With our wedding just around the corner, I thought my mind would be consumed by color swatches and centerpieces and how I can ban the YMCA and Electric Slide from the play-list for the entire night, but no - I've been dwelling on what is to become of my father once I move out and he no longer has full access to baked goods day in and day out.
You see, he's had his choice of cakes, cookies, scones, and all the other beautiful things that come to be when you combine butter, sugar, and flour, for the past fifteen years. With the exception of the few months I lived out of state, he's had a steady intake of sweets, usually after bedtime with a glass of bubbling soda and now that I think about it, I can't believe he's not a diabetic. Well, it's diet soda, after all.

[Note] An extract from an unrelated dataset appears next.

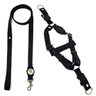Conjunto peitoral e guia para cachorro - Tamanho Pequeno - Modelo Black - 1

I've been trying to give my mom a little more room in the kitchen so she can master the art of Feeding the Beast, and she's really pulled through with chocolate chip cookies and that lemon cake he likes so much, but baking just isn't her thing. I can't help but feel a little guilty about it. Sure, she makes the finest grilled cheese sandwich this side of Texas (the trick is to smear enough butter on the bread to cover it, then add more), and she's made a handful of birthday cakes in her life, but I just don't foresee her sweet supply meeting the demand of the bushy-mustached head of the household.
That is just one of many reservations I have about leaving home after all this time, that and the fact that I have to live with a boy who will probably leave smelly socks and beef jerky wrappers all around the house, but there are some pluses to the upcoming transition. Like when the rechargeable batteries disappear and nobody knows anything about it - I'll be spared from Dad's rampage on how "they just grew legs and walked away." I know my clothes and earrings won't mysteriously disappear only to show up again on my sister's body the next day. (She goes by the "it was in my room" law when it comes to ownership.)
The real victim here is my poor mother. She'll have to endure the daily conversation about early retirement and all the camping trips to be had; she'll be left to fend for herself against the blind rage of my hormonal kid sister when she can't find her favorite shoes; she'll be icing cakes at midnight when Dad gets a craving; she'll have to watch Glee with my Dad who is famous for nothing if not constantly rewinding and asking her if she heard that last line and how funny it was.
So in my final few weeks at home, I try to pacify everybody with treats to keep the peace, like oatmeal cherry nut cookies, maybe with a scoop of melty vanilla ice cream sandwiched in between if it's been a particularly stressful day of wedding planning and final details. These cookies remind me a bit of a sexed-up version of trail mix, studded with crunchy walnuts and bits of sticky dried cherries, the smoky heat of cinnamon in the background warming the back of your throat. Don't let the word "cookie" deter you from crumbling a few into your morning yogurt. Just sayin'.
Oatmeal Cherry Nut Cookies
Adapted from Baked
1 1/2 cups all-purpose flour
1 teaspoon baking soda
1 teaspoon salt
2 teaspoons cinnamon
1 teaspoon nutmeg
1/4 teaspoon ground cardamom
2 sticks unsalted butter, softened
1 1/4 cups packed dark brown sugar
1/4 cup granulated sugar
2 large eggs
1 teaspoon vanilla extract
2 3/4 cups rolled oats
1 cup dried cherries
1/2 cup chopped toasted walnuts
In a medium bowl, whisk together the flour, baking soda, salt, cinnamon, nutmeg, and cardamom. Set aside.
In the bowl of a stand mixer fitted with the paddle attachment, beat together the butter and sugars until light and fluffy, about 5 minutes. Add the eggs one at time, beating a full minutes after each addition. Mix in the vanilla, scrape down the bowl, then add half the flour mixture. Mix on low speed until the flour mixture just disappears, scrape down the bowl, add the second half of the mixture, then mix again.
Add the oats, walnuts, and cherries and mix on low speed until just combined. Cover the bowl tightly and chill the dough for at least 6 hours.
Preheat the oven to 375 degrees F and line two baking sheets with parchment paper. Scoop the dough into heaping tablespoons about 2 inches apart and place the dough balls onto the baking sheet. Baking for 9-11 minutes or until the edges are crisped and the centers are slightly puffed. Allow to cool on the baking sheet for 5 minutes before transferring to a wire rack to cool completely.